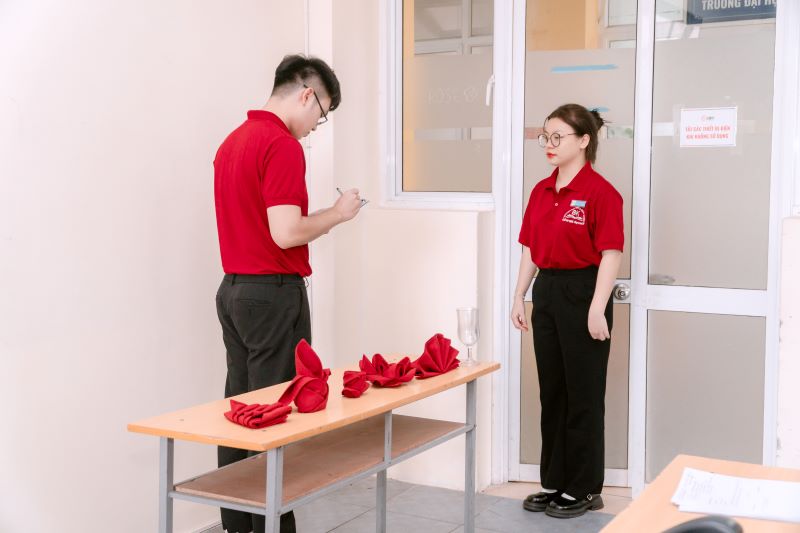 Tiêu chí lựa chọn trường Cao đẳng đào tạo ngành Quản trị nhà hàng Tiêu chí lựa chọn trường Cao đẳng đào tạo ngành Quản trị nhà hàng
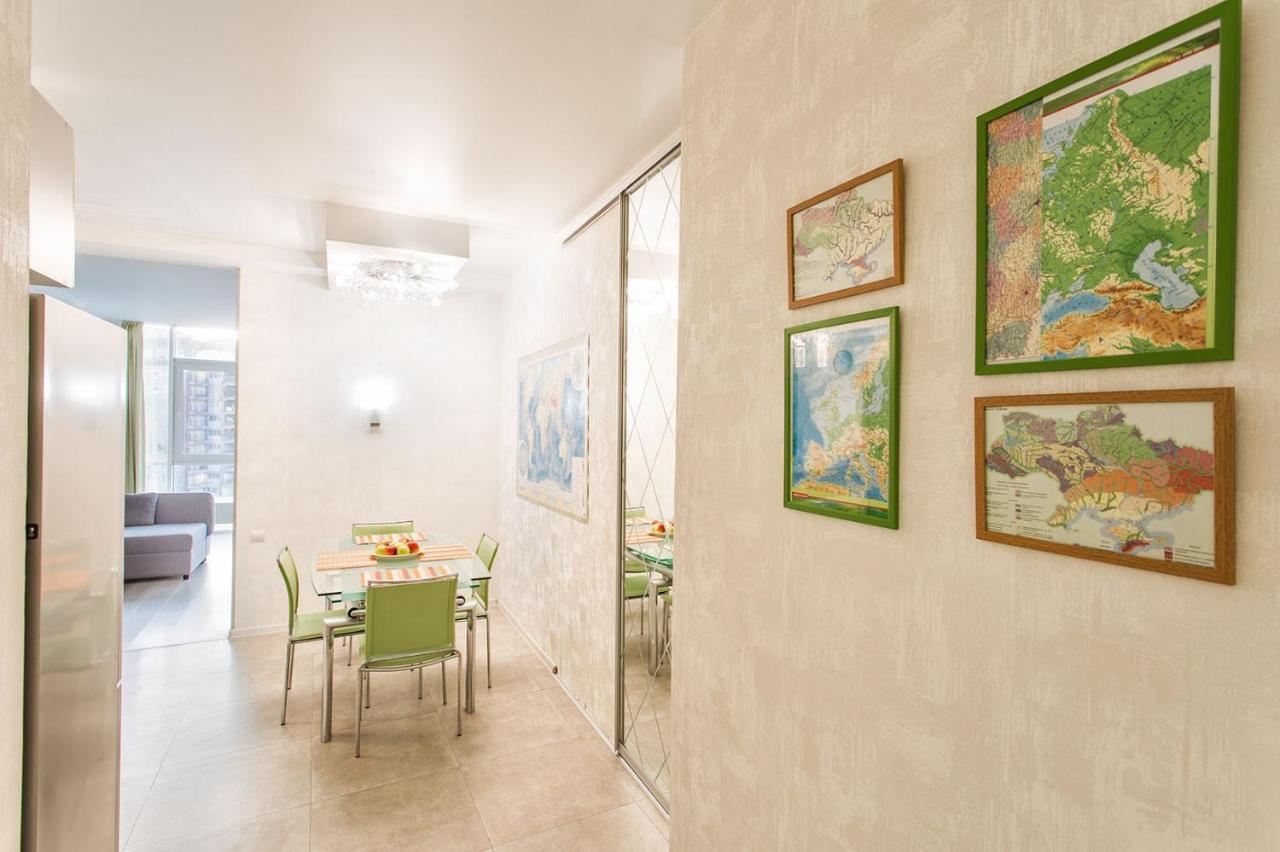 Gagarin Plaza Apartment 70 Square Metres On 12Th Floor Odesa Exterior photo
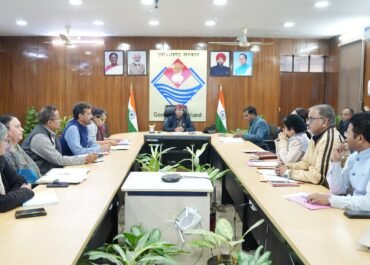 महिला सशक्तीकरण पर मुख्य सचिव की सख्ती, योजनाओं की समीक्षा और रिपोर्ट तलब। 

------------------------------------------------------------------------

* [Task description]
Print out all the material above exactly as it appears, omitting the images.

* [Response area]
 Tiêu chí lựa chọn trường Cao đẳng đào tạo ngành Quản trị nhà hàng Tiêu chí lựa chọn trường Cao đẳng đào tạo ngành Quản trị nhà hàng
 Gagarin Plaza Apartment 70 Square Metres On 12Th Floor Odesa Exterior photo
 महिला सशक्तीकरण पर मुख्य सचिव की सख्ती, योजनाओं की समीक्षा और रिपोर्ट तलब। 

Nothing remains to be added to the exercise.